Great expectations as two giants aim to silence doubters

Roy Hodgson kicks off the new Premier League season as he ended the last one – with a game against Arsene Wenger’s Arsenal. But whereas in May he was in charge of Fulham, resting key players for their trip to the Emirates a few days before contesting the Europa League final, now he is at the helm of Liverpool, still England’s most successful club, even if the glory days are fast receding into the distance.

Taking over at Anfield is Hodgson’s reward not only for working wonders at Craven Cottage, but for a lengthy career of solid if not always spectacular achievement in European club and international football.

His task is a tough one: the Reds lost their way alarmingly in what turned out to be Rafa Benitez’s last season in charge, aiming for first and finishing seventh while making early exits from every cup competition, including the Champions League.

His first Premier League game as Liverpool boss will also be Wenger’s 525th in charge of the Gunners, and although the Frenchman has lost only 85 of those, compared with 307 wins, and has finished in the top four in every one of his 14 seasons in North London, he is arguably under even greater pressure to deliver than Hodgson.

‘Arsenal haven’t won a trophy since 2005’ is in danger of becoming the latest football cliché, and is something that no doubt irks Wenger as much as it frustrates the fans.

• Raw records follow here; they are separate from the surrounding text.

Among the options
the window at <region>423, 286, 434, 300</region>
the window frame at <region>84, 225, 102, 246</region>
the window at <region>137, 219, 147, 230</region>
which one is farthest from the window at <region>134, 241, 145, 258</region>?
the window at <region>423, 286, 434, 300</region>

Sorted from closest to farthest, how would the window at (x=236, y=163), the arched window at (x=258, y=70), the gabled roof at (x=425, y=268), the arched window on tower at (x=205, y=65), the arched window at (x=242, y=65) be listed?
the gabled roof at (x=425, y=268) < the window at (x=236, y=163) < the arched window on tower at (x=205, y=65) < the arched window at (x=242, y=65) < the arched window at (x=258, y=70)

He’s been accused of being too frugal, too stubborn, too obsessed with the beautiful game and over-reliant on youth in pursuit of his principles. There’s talk he’s about to commit to a new contract that would effectively bind him to the Gunners for the rest of his career; but at the same time there is speculation that this will be his last season at the Emirates if he fails to end the trophy drought.

Will changes bring greater staying power?

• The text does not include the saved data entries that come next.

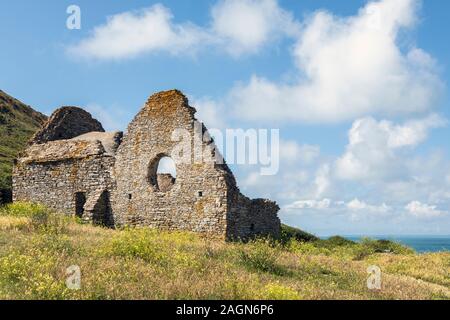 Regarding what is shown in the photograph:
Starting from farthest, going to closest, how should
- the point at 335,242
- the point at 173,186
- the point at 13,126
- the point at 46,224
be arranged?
the point at 13,126, the point at 335,242, the point at 173,186, the point at 46,224

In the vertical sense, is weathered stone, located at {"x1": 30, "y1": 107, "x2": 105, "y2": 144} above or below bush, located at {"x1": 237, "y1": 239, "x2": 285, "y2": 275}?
above

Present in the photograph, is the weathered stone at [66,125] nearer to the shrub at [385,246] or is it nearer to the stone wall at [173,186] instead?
the stone wall at [173,186]

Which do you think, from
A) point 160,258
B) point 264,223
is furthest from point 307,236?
point 160,258

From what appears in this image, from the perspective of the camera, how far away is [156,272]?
984cm

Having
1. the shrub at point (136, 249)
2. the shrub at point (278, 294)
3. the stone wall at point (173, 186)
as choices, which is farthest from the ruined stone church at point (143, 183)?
the shrub at point (278, 294)

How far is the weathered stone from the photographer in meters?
25.6

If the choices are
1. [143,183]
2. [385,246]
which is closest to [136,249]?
[143,183]

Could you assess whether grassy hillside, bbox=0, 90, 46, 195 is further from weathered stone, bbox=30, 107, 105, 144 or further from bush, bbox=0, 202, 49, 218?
bush, bbox=0, 202, 49, 218

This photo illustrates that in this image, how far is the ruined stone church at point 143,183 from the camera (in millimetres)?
18531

Both squads have new signings who’ll be looking to integrate and impress from the off – including Joe Cole, Christian Poulsen, Milan Jovanovic, Laurent Koscielny and Marouane Chamakh.

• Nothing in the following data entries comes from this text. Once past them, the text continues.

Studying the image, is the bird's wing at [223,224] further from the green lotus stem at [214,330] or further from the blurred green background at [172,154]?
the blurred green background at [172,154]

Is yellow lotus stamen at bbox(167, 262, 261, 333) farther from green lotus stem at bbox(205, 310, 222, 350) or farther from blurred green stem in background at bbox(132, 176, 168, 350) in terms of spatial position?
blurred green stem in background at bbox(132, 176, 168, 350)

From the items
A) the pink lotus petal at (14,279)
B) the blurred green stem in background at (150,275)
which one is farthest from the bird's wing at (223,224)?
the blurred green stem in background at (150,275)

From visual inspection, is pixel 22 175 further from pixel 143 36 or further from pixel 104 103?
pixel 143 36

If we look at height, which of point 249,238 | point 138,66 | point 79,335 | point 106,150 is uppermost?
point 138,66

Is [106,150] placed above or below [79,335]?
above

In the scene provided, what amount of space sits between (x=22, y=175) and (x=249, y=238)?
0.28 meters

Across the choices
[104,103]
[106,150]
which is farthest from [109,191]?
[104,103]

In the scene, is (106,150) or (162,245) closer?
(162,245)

But in an unwelcome echo of last season, both teams may also be without key players - World Cup finalists, no less - as Fernando Torres, Cesc Fabregas and Robin van Persie have all been struggling to reach match fitness in time for Sunday afternoon’s opener.

Injuries (and in some cases loss of form) were a recurring motif for both clubs last season, and for both, their prospects of improvement will depend on being able to keep their respective treatment rooms unclogged.

There have also been some significant departures over the summer: Arsenal have seen no fewer than four central defenders move on, while Yossi Benayoun has quit Anfield and Javier Mascherano could yet follow him.

Liverpool fans crave greater consistency (and a little less caution) on the pitch, and greater stability off it. Hodgson’s arrival has brought an air of calm and optimism to Anfield, but the ownership issue remains a distraction. Arsenal fans are looking for more durability, especially at the back, and less naivety, especially against Chelsea and Manchester United.

It is unlikely that either manager has concluded his summer transfer business, so both teams are works in progress; but this weekend's most compelling fixture may offer some clues about which one of these two giants has the stronger credentials.